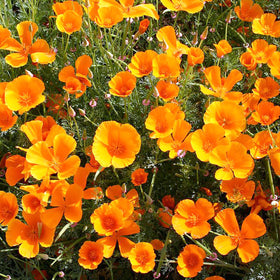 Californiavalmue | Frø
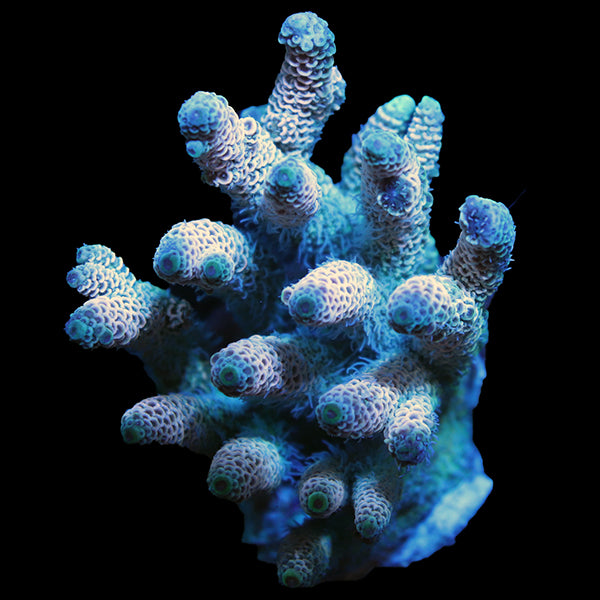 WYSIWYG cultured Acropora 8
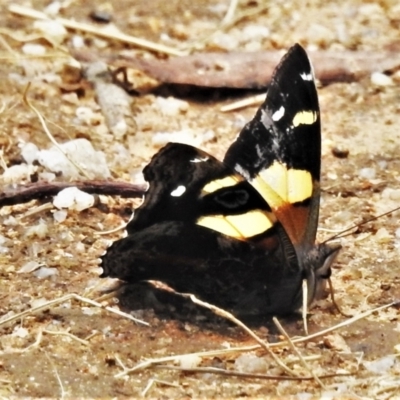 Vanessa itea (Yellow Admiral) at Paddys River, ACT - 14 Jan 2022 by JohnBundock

····················

Only the lines from the one containing "WYSIWYG cultured Acropora 8" through the last line of the data may appear in the answer, each given again exactly and with pictures left out.

__ANSWER TO THIS TASK__.
 WYSIWYG cultured Acropora 8
 Vanessa itea (Yellow Admiral) at Paddys River, ACT - 14 Jan 2022 by JohnBundock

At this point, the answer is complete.